John Johnson, a research fellow at Marquette University Law School’s Lubar Center for Public Policy Research and Civic Education, recently highlighted how this dynamic affects the Milwaukee housing market. Johnson found that even with various construction projects around Milwaukee building single-unit apartment complexes, this construction was still lagging growth in single-person households in the region. He found that in the past decade, the city of Milwaukee added around 9,300 one-person households, compared to about 2,200 new studio or one-bedroom housing units.
While some one-person households may easily afford a unit built for two or more, others may struggle to do so. And in a market of scarce housing, having one-person households renting or buying larger units also reduces the supply of them, thereby driving up housing costs for larger households.
Another impact that may be felt from declining household size relates to the broadly documented trend in the United States toward increasing levels of social disconnection and loneliness.
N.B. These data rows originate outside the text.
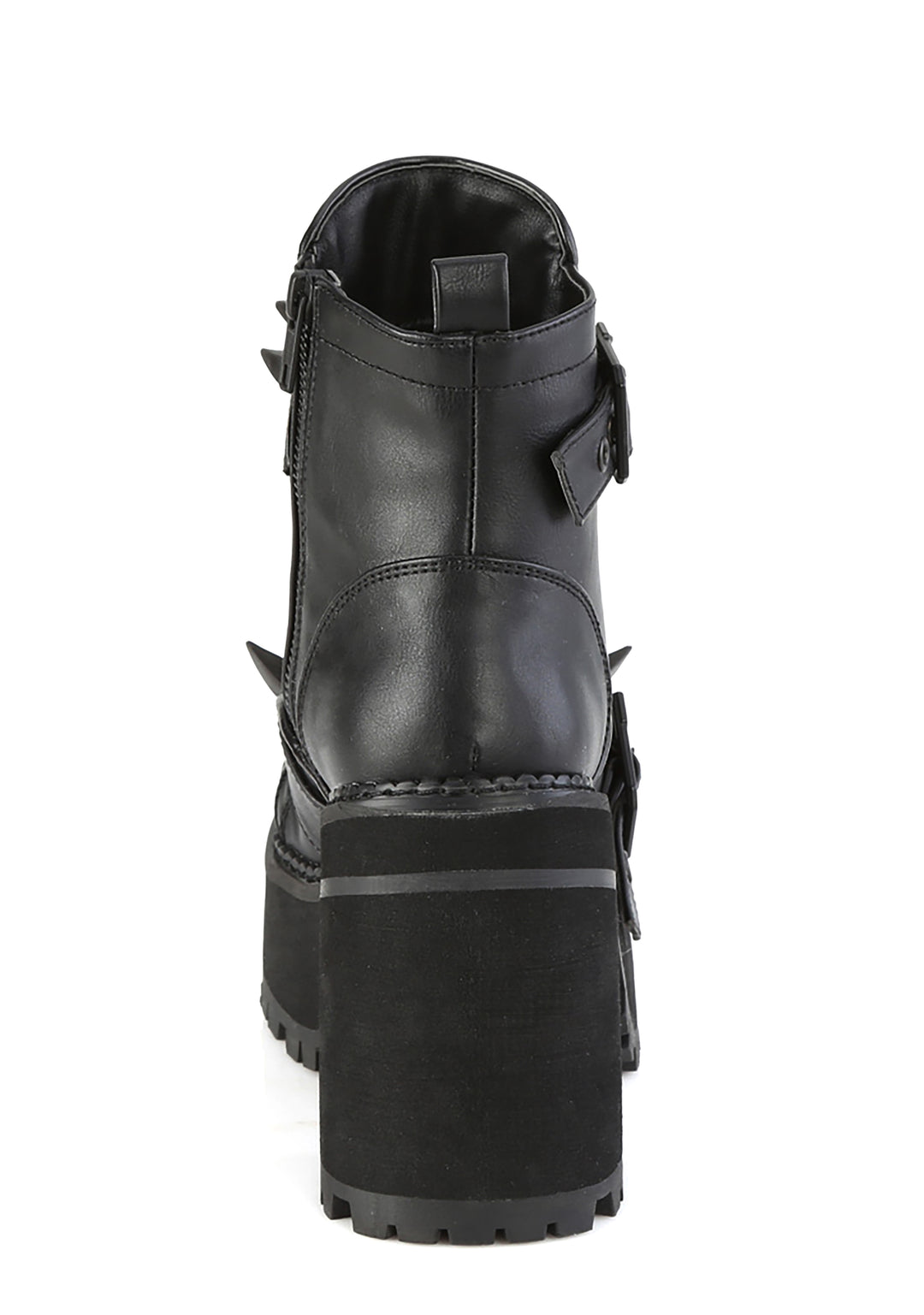 Demonia Assault-72 Spiked Ankle Boots - Black - Image 5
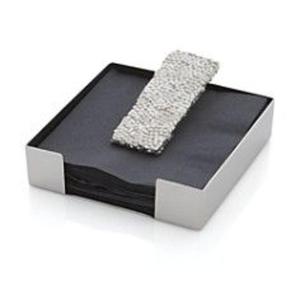 Casted Antler <b>Weight</b> Tissue Organizer Tray Square Shape <b>Metal</b> Napkins Display Box Hotel Restaurants Supplies Table Accessories - Product Image 5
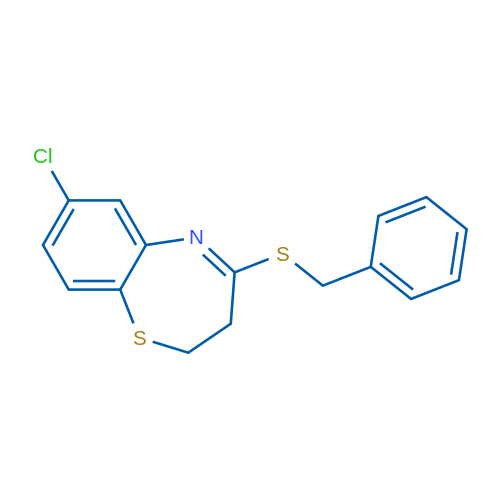 4-(Benzylsulfanyl)-7-chloro-2,3-dihydro-1,5-benzothiazepine 1g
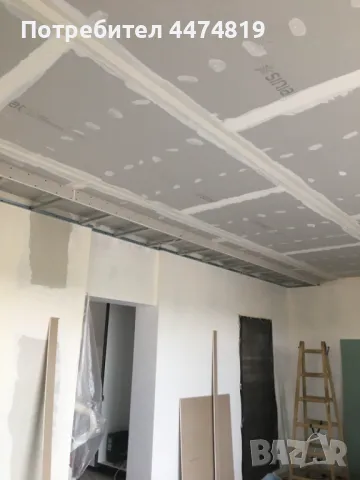 Гипсокартон, шпакловка, боядисване, снимка 17 - Други - 50308605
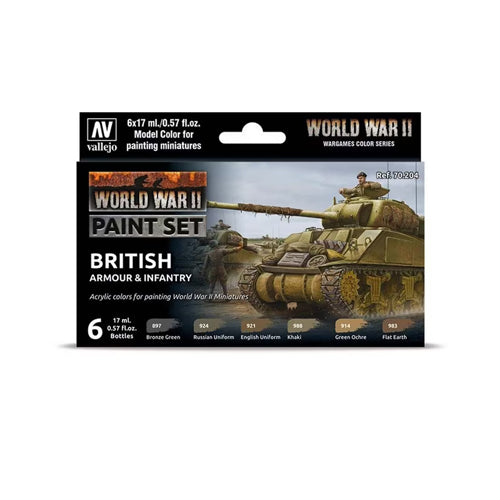 WWII British Armour & Infantry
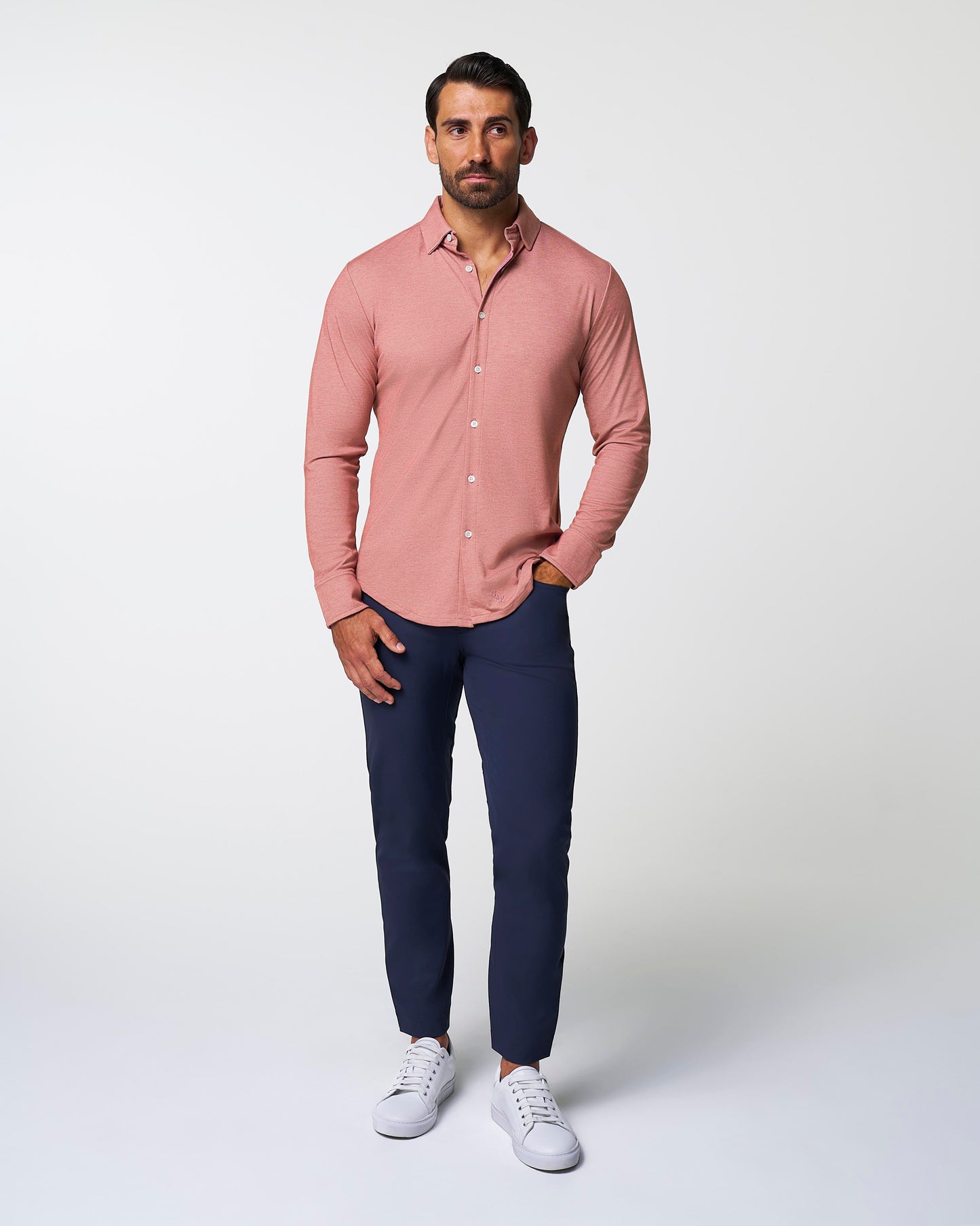 State & Liberty "The Jace" Maroon Pique Button Down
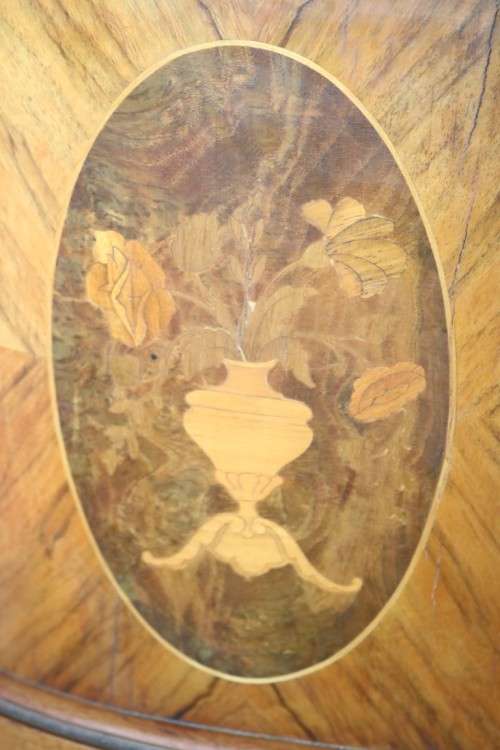 Superb vintage French "Vernis Martin" Louis XV-style show case w/ amazing marquetry inlay detailing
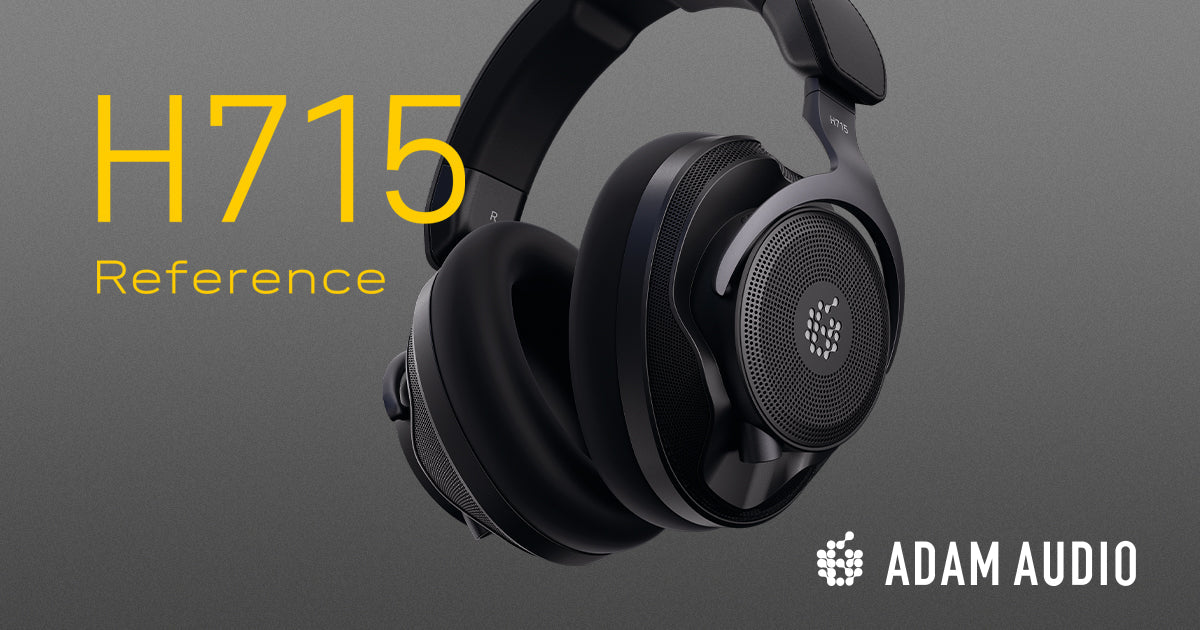 Adam Audio lance le H715 Reference, son nouveau casque ouvert pour le mixage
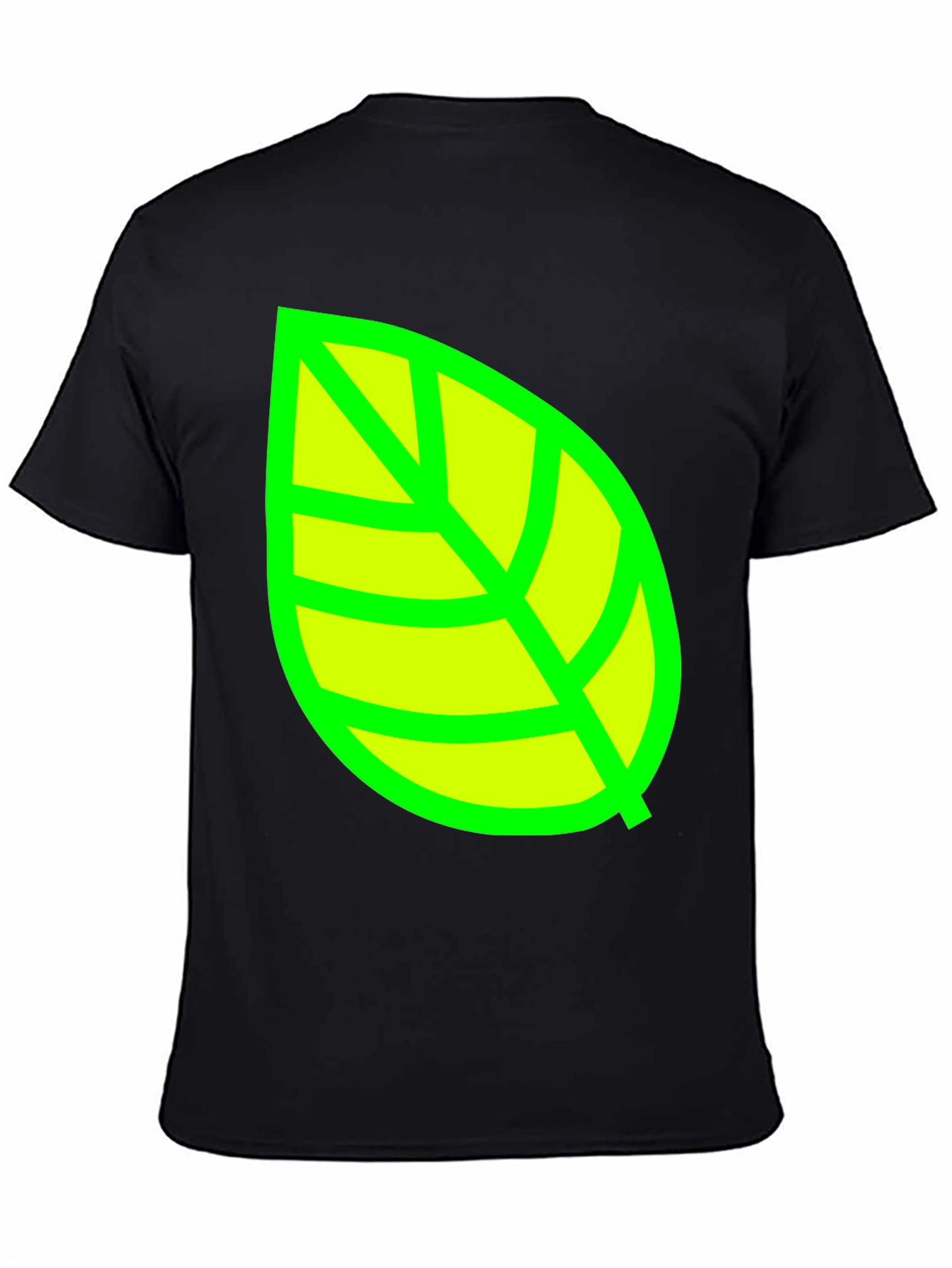 Green Leaf Graphic T-Shirt - Casual Cotton Tee
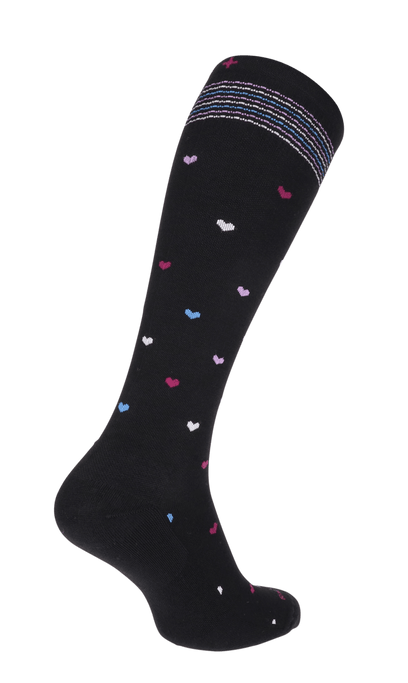 Full Heart Dames Compressiekousen Klasse 1 Black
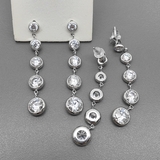 Серьги круги, 48*8 мм, родий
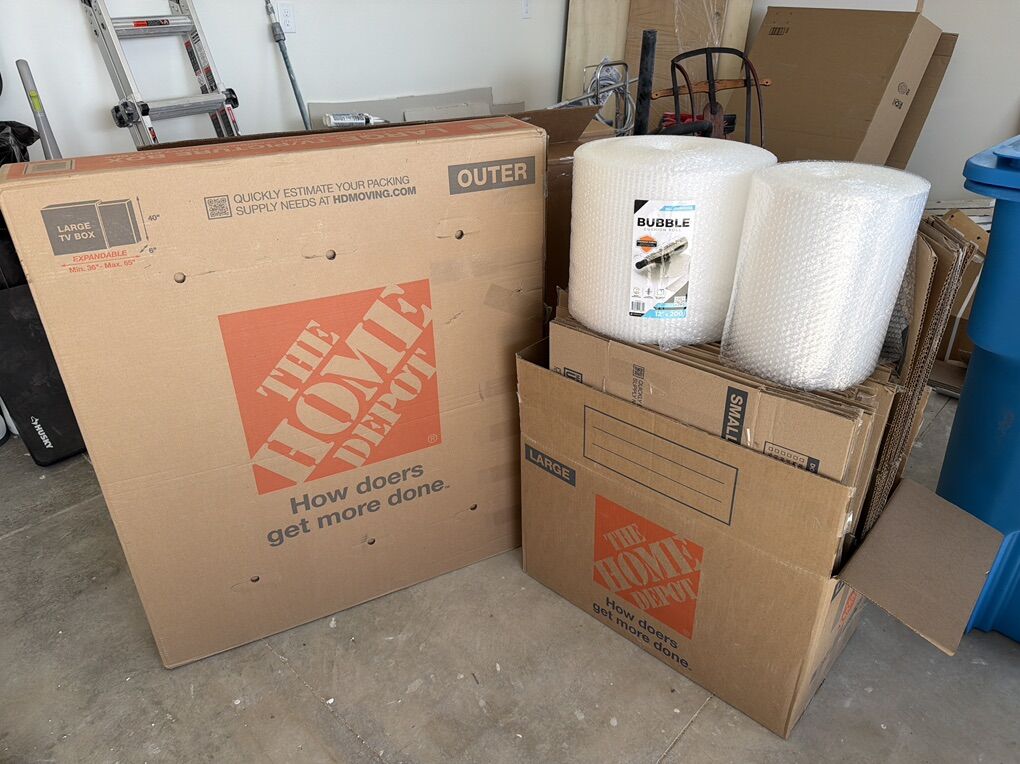 Home Depot Moving Boxes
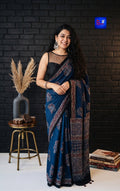 Authentic Modal Ajrakh Saree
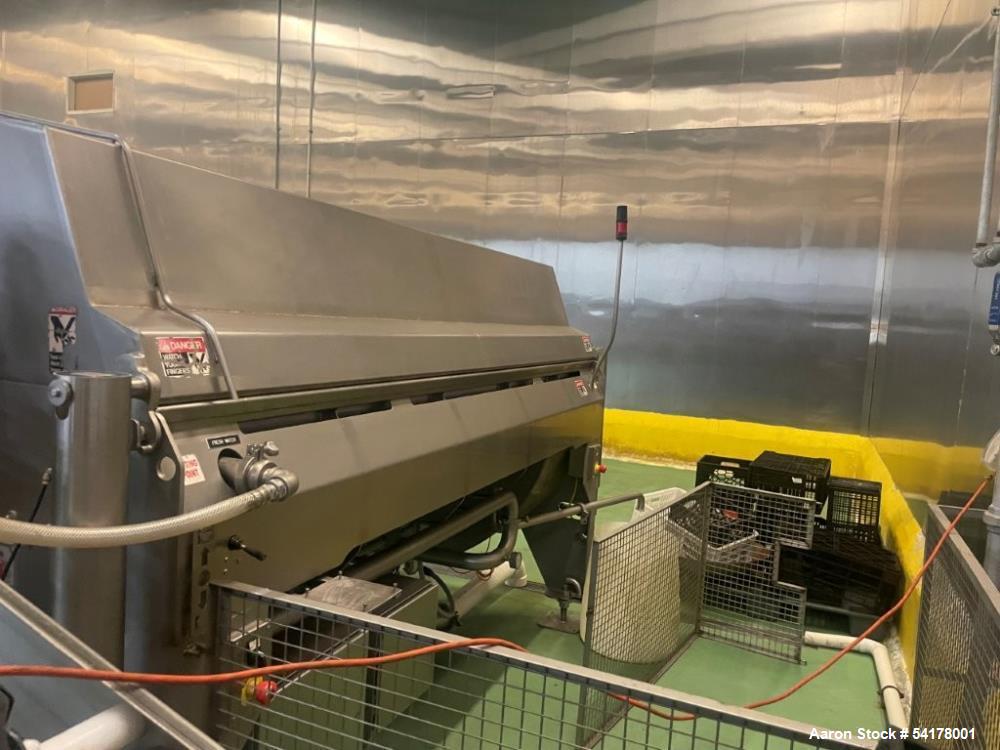 Used Lyco Blancher – Model Clean Flow CKFF, 7’ Chamber, Stainless Steel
A recent report from the U.S. Surgeon General’s Office noted that surveys show increases from 2003 to 2020 in the amount of time Americans say they spend alone.
The Surgeon General’s report points to “overall declines in some of the critical structural elements of social connection (e.g., marital status, household size), which helps to explain increases in reported loneliness and social isolation and contributes to the overall crisis of connection we are experiencing.”
The report cites several policies to foster greater social connection such as ensuring a community’s built environment and public spaces and amenities promote social interaction and supporting programming and community groups that strengthen social ties.
The Wisconsin Department of Administration’s Demographic Services Center in 2013 released projections for average household size based on 2010 U.S. Census data. While updated projections (using 2020 Census data) will not be available until next year, these figures remain useful. They project the average Wisconsin household declining in size to 2.30 by 2030 and to 2.26 in 2040.
With the size of households likely to continue to shrink, policymakers and economic development leaders may need to more deeply consider how housing policies should respond and whether new incentives may be offered to spur changes in housing construction and renovation.